Last post 6 years ago by Brewha. 3 replies replies.
Only 45 could make 43 look good
fiddler898 Offline
#1 Posted:
Joined: 06-15-2009
Posts: 3,782
Thursday was set to be a big day for Democrats and liberals. Their biggest superstar, former president Barack Obama, was getting back into politics for the first time since leaving the White House in January.

With events for gubernatorial candidates in New Jersey and Virginia, Obama aimed to bring back excitement in the Democratic base just weeks before those states are set to vote.

But it wasn’t Obama who got liberals excited Thursday. It was another ex-president, a person this group once loathed: George W. Bush.

Since he left the White House nine years ago, George W. Bush has largely stayed out of politics. He was focused on painting (remember his artwork?), helping veterans, and serving up camera-ready photos of himself alongside the Obamas. Meanwhile, his public persona was fostered in part through his daughter’s burgeoning television career on NBC — where he became known more as Jenna’s dad than a former commander in chief — and through his brother’s presidential campaign last year.

But he stepped firmly back into the political spotlight Thursday with a blistering speech in New York City, where he rejected much of what Trump represents, even if he didn’t call out the sitting Republican president by name.

“We’ve seen nationalism distorted into nativism,” Bush observed to the crowd. “We’ve seen our discourse degraded by casual cruelty . . . Argument turns too easily into animosity.”

After a white supremacist rally in Charlottesville this summer, Bush and his father, George H.W. Bush, issued a statement denouncing violence there. On Thursday, he added what appeared to be a veiled swipe at Trump. The nation’s identity, he said, hinges on the idea “that bigotry and white supremacy in any form is blasphemy against the American creed, and it means the very identity of our nation depends on passing along civic ideals.’’

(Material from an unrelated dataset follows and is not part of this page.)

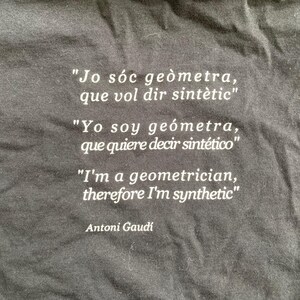 Puede incluir: Camiseta negra con texto blanco en tres idiomas: catal&aacute;n, espa&ntilde;ol e ingl&eacute;s. La cita, atribuida a Antoni Gaud&iacute;, dice: &laquo;Soy ge&oacute;metra, por lo tanto soy sint&eacute;tico&raquo;.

The reaction was swift and overwhelmingly positive. Even liberals, who have long vilified Bush, had nice things to say about the former president’s speech, calling it “powerful” and “poignant.” As one Twitter user put it: “You know times are weird when Bush gives a speech that makes him look like the kindly uncle telling you to ignore your racist grandfather.”

Perhaps those responses were infused with the glee that comes in seeing the last Republican president trash the current one. Or perhaps, as some said, it was nice to see political discourse take on a more civil tone. Either way, Bush was soon trending on Twitter. A story about his speech was one of the best read articles of the day on BostonGlobe.com.

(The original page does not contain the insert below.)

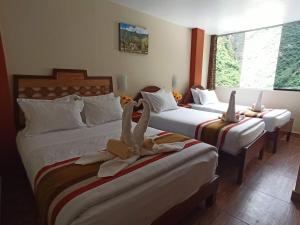 Voodi või voodid majutusasutuse Hostal Vista Waynapata 123 toas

Obama’s big coming-out that day was a side note.

He’s not the first prominent Republican to give a major speech that was sharply critical of Trump. Mitt Romney delivered his case against Trump during the presidential primary campaign. John McCain on Monday compared this moment in the United States to the early stages of the formation of Nazi Germany.

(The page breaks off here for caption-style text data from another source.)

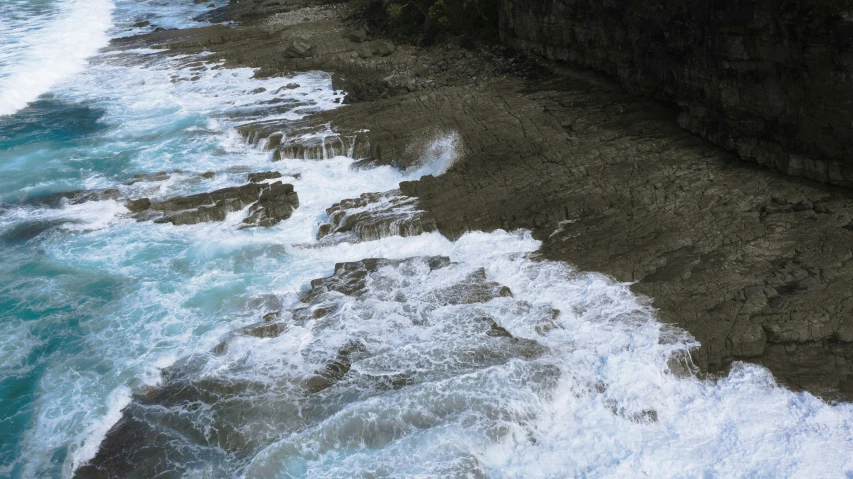 a bird sitting on a cliff over some rough waves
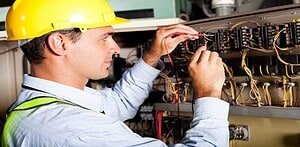 male electrician testing industrial machine
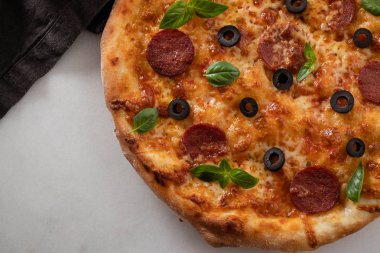 Beyaz taş zemin üzerine sıcak biberli pizza. Lezzetli pizza salam, peynir ve domates beyaz tablo, üstten görünüm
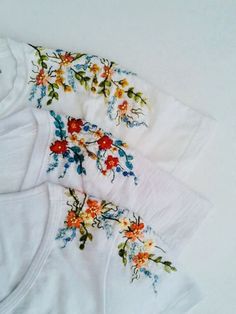 three white t - shirts with colorful flowers on them are laying next to each other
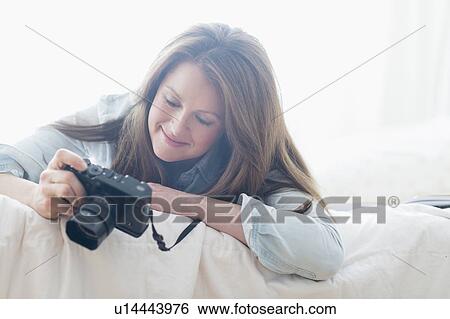 Stock Photograph - Portrait of woman photographing. Fotosearch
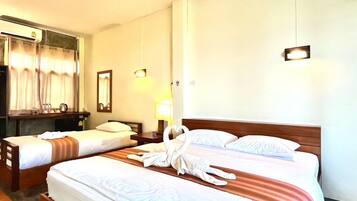 A hotel room with two single beds, a wooden headboard, a desk with a chair, a mirror, and a wall-mounted air conditioning unit.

Conciliatory speeches have long recast how liberals think about former enemies. But few Republicans, from Romney to McCain to Senate majority leader Mitch McConnell, are as detested by liberals as Bush.

For years, Bush was Republican enemy No. 1. He was the politician that Democrats thought stole the presidential election in 2000. He was the one who pushed the WMD narrative that got the United States into war with Iraq. His administration’s inept handling of Hurricane Katrina, to them, was government at its worst. And then, in a final insult, the collapse of the economy and the beginning of the Great Recession during his final year in office led many to blame him for job losses and their ability to retire.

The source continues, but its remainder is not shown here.